(神奈川)県は15日、三浦半島から県西部にかけた相模湾沿岸部の広範囲で、黒い粉じんが飛散していたことを確認したと発表した。健康被害の報告は受けていないが、県が原因を調べている。
テレビ朝日のニュースが、黒い砂の写真や分布地図を示しているのでわかりやすい。車の上に黒い砂が確認された市町は富士山から一直線に東に伸びてる。粒の大きさは0.1ミリ程度だという。謎を帯びたこの記述は、まるで古代中世に書かれた古記録の世界のようだ。
富士山の表面をつくっている黒い軽石(スコリア)の細粉が強風で飛ばされたものだろう。運搬と堆積のメカニズムは、私がいうレスの範疇にはいる。

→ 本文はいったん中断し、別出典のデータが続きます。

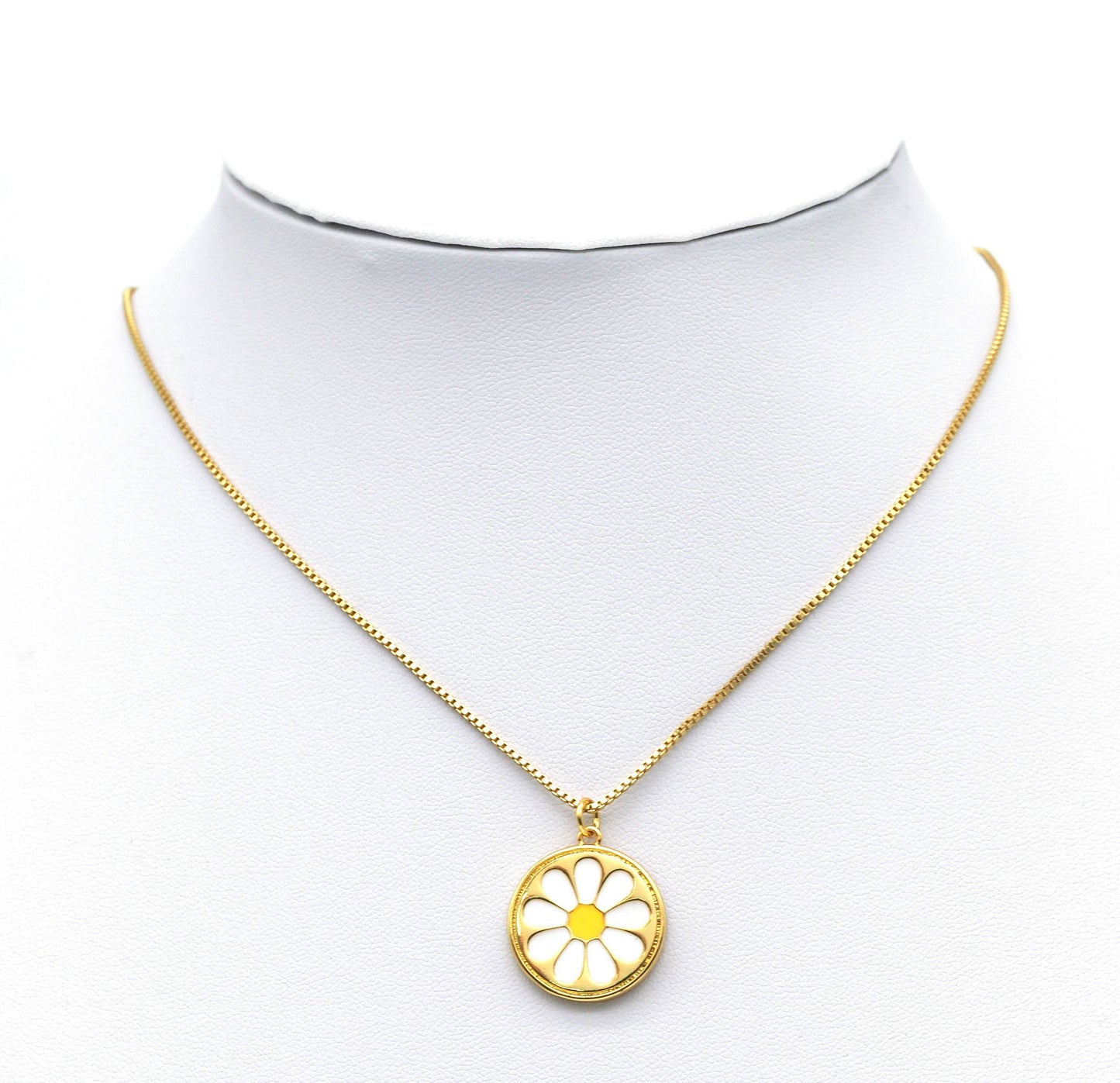 White Enamel Daisy Flower On Round Coin Pendant, Sku#L648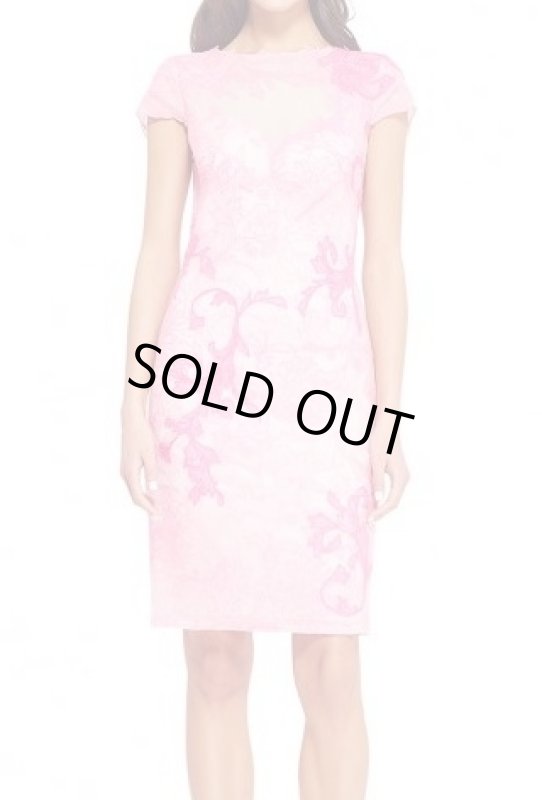 画像1: 【ドラマ使用】Tadashi Shoji タダシショージ　Tonal Lace Dress ピンク (1)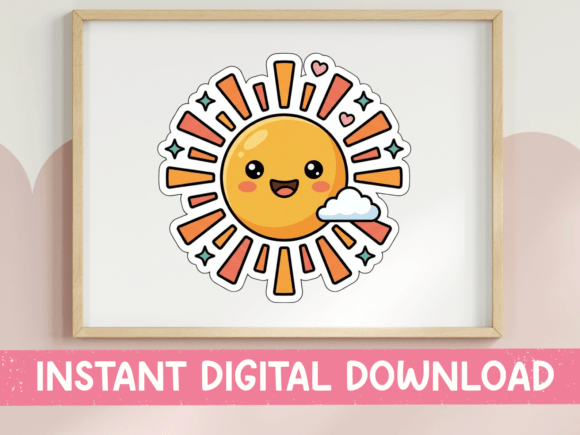 Kawaii Happy Sun with Cloud Sticker for Graphics and T-Shirt Designs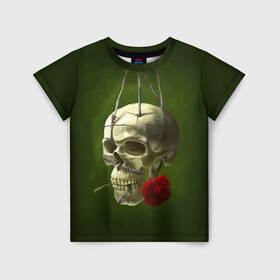 Детская футболка 3D с принтом Череп и роза в Кировске, 100% гипоаллергенный полиэфир | прямой крой, круглый вырез горловины, длина до линии бедер, чуть спущенное плечо, ткань немного тянется | Тематика изображения на принте: кости | роза | скелет | хэллоуин | цветок | цветы | череп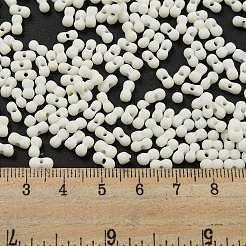 Непрозрачный матовый стеклянный бисер цвета макарон SEED-K009-12B-16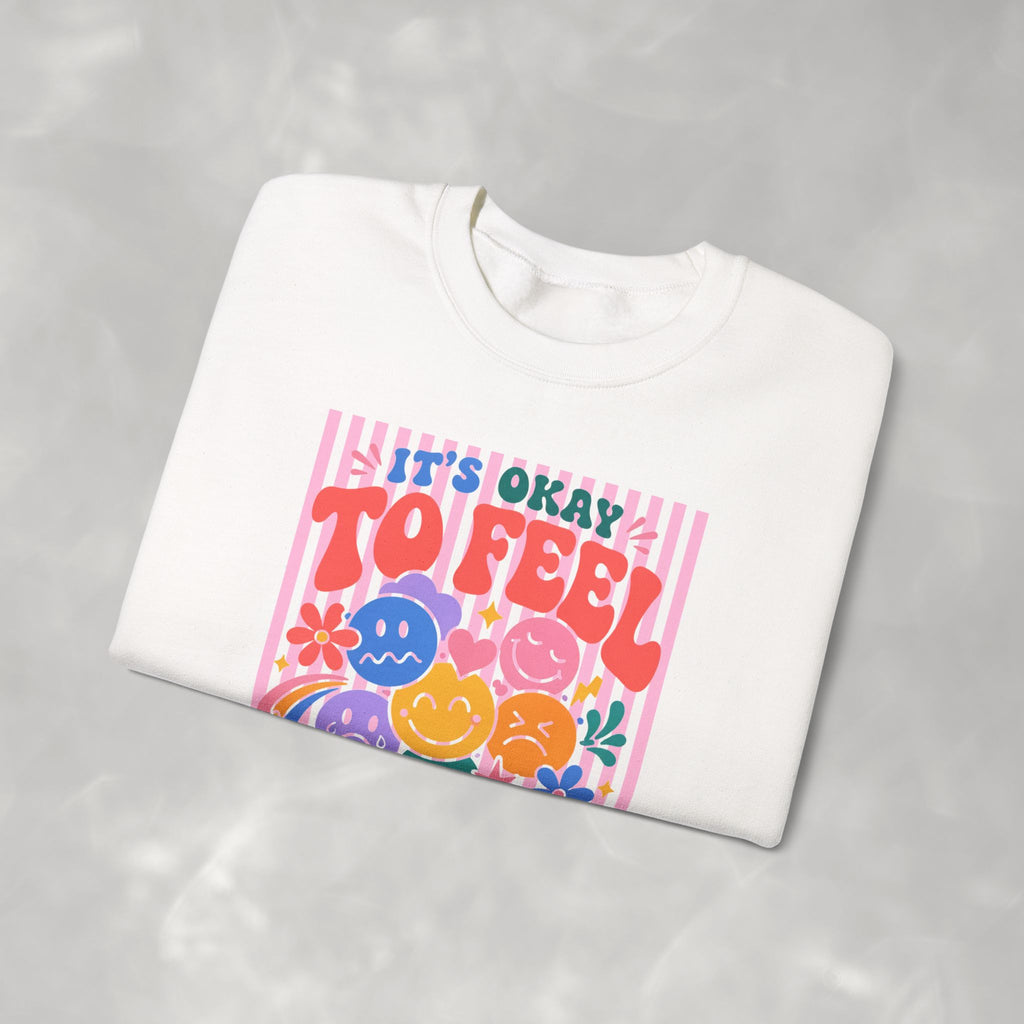 It's Okay to Feel All the Feels Gildan Unisex Heavy Blend™ Crewneck Sweatshirt for OT, PT, Speech, School Therapists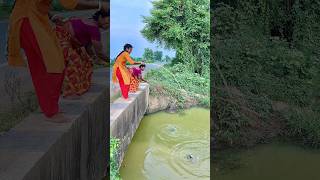 Two Village Woman Catch Fish by Hook From Road Side Canal With Beautiful Nature fishingmethods [upl. by Ahsitak279]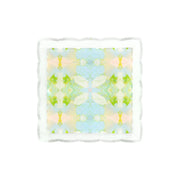 Decorative pillow with a colorful abstract pattern on a white background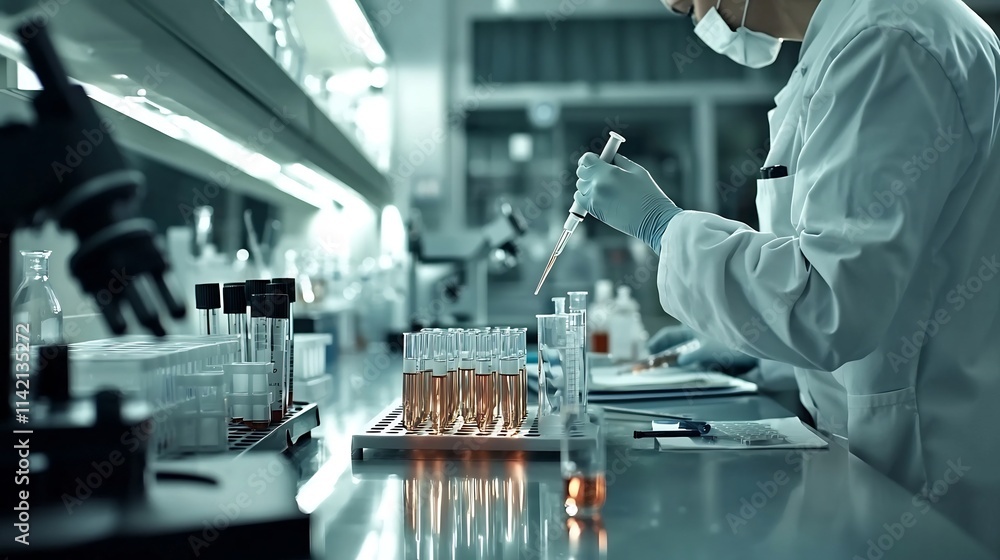 Poster a clean and modern shot of a row of pipettes on a lab stand with a researcher s hands working in the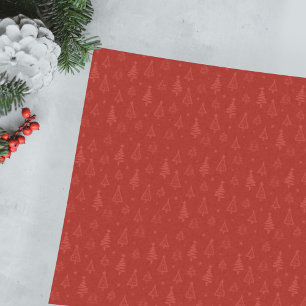 Papel De Seda Árbol tradicional de navidad roja con estrellas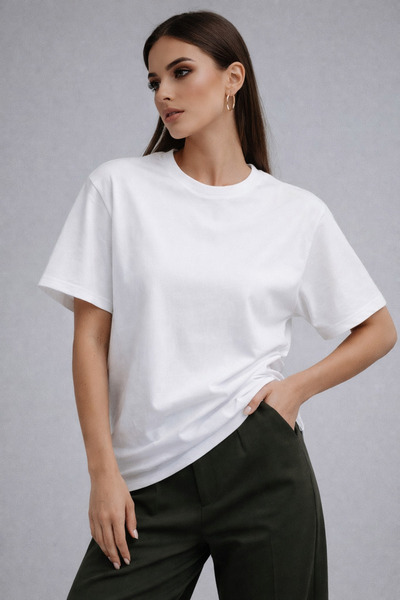 WILD BEE Tricou de damă alb, supradimensionat, din bumbac, cu decolteu tip cr...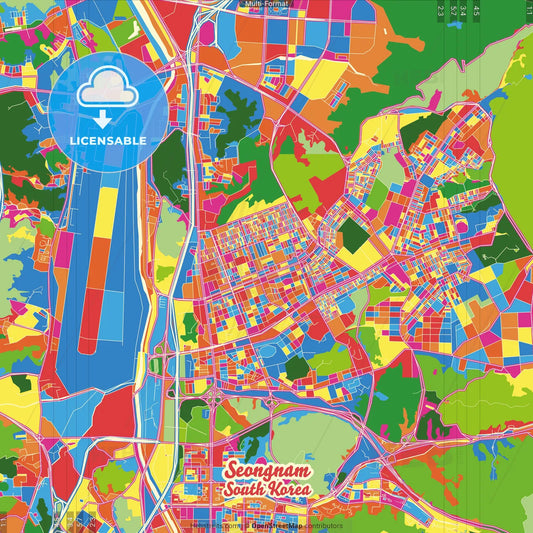 Seongnam, Gyeonggi, South Korea Crazy Colorful Street Map Poster Template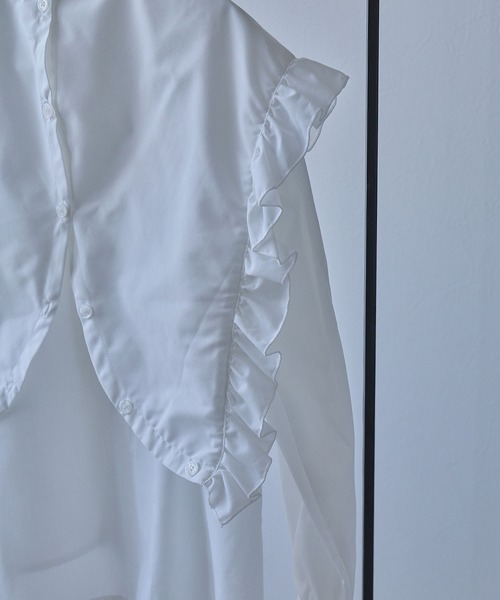 bohmal（ボマール）の「マルチウェイフリルカラーブラウス（シャツ/ブラウス・レディース・ホワイト/ブルー・MEDIUM）」の18枚目の写真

報告された0.1ミリというサイズは納得がいく。
昨日午前、御殿場は晴れて5m/sの風が吹いた。まだ積雪がない須走あたりから砂が舞い上がったのだろう。森の木々は葉を落とし、草も枯れて、いまは地表が露出している。したがって、きのう神奈川県に降った砂の主たる構成物質は、1707年の宝永噴火で噴出してその地域の地表を覆っていたスコリアだろう。
気象庁のウインドプロファイラのページをみると、昨日の午前中、富士山から神奈川県にかけての高度3キロ付近の風はとても強かった。40m/sを超えた。
噴火しなくても富士山から砂が巻き上げられて関東平野に降り積もる事例が、関東平野で生活している人々の記憶に残るといい。これが何度も繰り返されれば、関東ロームが富士山の噴火で降り積もったと誤解する人はそのうちいなくなるだろう。

15日14時02分、鎌倉市城廻、神奈川県提供(アサヒコムより)
この写真から降灰量を判定すると、0.3g/m2程度だったとみられる。2009年2月2日の浅間山噴火で放出された火山灰の量は2万4000トンだった。今回降った砂の量はその1/100から1/1000で、100トン程度だったと見積もられる。富士山麓の幅100メートル・長さ1000メートルの面積から、均一に1ミリ削り取れば生産できる。
なぜ、きのう報告されたか。そのような日常的メカニズムならいままでも頻繁に報告されていてよさそうだと考えるひともいるだろう。私の考えはこうだ。情報化が進んでreporting indexが上がり、閾値を超えたのだと思う。現象としては以前からあったが、最近になって初めてみんなに知られるようになった、と考える。
おたまじゃくしが空から降る現象も、去年から広く知られるようになった。どうやら各地で毎年ふつうに起こっている現象らしいことがわかってきた。今年もニュースになった。ニュースとして取り上げられると人々の注目がそこに集中するから、報告件数が増える。
9月に書いた関連記事 「関東ロームは富士山の噴火堆積物ではない」
富士山から砂塵が巻き上がる様子をFNNが16日夕刻のニュースで紹介した。私の推論が正しかったことを示す重要な証拠映像だ。
15日午前6時45分ごろ、富士山の東側・山中湖畔から撮った3合目付近の映像では、黒い粉じんのようなものが舞い上がっていた。毎日のように富士山を撮影しているという遠山喜一郎さんは、「今までに見たことのない規模の砂嵐で、大変なことになっているなと」と話した。1時間余り、断続的に見られたという砂嵐。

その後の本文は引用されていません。